From an environmental standpoint, anchovies are one of the best fishes on the market. The Environmental Defense Fund rates the European anchovy–the type most commonly eaten in the U.S.–as an “Eco-Best Fish: Safe for the environment–enjoy often!” Stocks of the European anchovy are plentiful, and they’re primarily caught via methods that aren’t damaging to the environment or other marine life.

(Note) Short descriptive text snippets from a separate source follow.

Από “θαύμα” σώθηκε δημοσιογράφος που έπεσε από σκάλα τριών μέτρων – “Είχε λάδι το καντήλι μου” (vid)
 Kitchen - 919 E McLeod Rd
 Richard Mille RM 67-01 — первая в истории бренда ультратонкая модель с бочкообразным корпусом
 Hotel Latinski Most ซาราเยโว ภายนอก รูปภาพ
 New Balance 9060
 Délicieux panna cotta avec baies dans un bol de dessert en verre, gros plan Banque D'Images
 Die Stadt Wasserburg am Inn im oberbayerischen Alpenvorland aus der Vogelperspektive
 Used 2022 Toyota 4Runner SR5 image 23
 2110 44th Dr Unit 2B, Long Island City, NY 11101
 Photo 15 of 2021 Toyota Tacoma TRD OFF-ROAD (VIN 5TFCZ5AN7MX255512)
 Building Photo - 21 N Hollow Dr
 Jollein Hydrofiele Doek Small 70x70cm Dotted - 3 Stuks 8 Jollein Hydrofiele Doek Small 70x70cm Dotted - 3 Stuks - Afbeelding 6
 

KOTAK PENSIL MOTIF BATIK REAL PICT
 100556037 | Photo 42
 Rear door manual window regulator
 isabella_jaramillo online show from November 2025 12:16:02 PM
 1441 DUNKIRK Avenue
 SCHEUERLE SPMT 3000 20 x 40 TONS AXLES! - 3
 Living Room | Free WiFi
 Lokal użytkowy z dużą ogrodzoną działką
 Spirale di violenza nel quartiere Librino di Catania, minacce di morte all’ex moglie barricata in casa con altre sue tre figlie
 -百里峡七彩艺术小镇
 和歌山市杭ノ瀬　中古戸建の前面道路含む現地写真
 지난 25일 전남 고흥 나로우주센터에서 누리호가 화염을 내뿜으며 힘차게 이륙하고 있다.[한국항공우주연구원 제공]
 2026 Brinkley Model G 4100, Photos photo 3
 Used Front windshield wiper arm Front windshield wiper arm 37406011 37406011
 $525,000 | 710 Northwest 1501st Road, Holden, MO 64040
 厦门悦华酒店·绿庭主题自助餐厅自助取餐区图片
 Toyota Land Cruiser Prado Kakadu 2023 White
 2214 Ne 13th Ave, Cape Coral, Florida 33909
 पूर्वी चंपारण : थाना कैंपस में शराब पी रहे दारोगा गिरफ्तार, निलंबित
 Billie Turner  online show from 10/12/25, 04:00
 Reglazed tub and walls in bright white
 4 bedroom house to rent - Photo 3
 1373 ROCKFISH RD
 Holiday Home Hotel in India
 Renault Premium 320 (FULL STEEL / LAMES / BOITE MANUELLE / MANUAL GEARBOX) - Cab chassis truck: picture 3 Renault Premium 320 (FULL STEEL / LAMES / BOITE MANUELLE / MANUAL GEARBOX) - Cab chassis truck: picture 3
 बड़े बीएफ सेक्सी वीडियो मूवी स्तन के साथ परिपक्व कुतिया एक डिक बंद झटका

The following recipe for Puttanesca Sauce is adapted from The Joy of Cooking. It’s a bold tomato sauce with garlic, red chili pepper, black olives, capers, and of course, anchovies. It’s simple to prepare and enough for about a pound of pasta. Enjoy!


Puttanesca Sauce

1/4 c. extra virgin olive oil
2 cloves garlic, minced
1 dried red chili pepper
1 c. pitted and chopped oil-cured black olives or Kalamata olives
6 anchovy fillets soaked in cool water for 5 minutes and drained
1 t. dried oregano
1 28-oz. can whole tomatoes, chopped
3 T. minced fresh parsley
2 T. capers, drained
Salt and black pepper to taste

Heat oil in a large skillet over medium heat, then add garlic and chili. Cook, stirring, for about 30 seconds, then add olives, anchovies and oregano. Cook for 30 seconds, then stir in tomatoes. Simmer uncovered for about 10 minutes, stirring occasionally, until thickened. Stir in parsley and capers. Season with salt and black pepper to taste, and serve with pasta of your choice.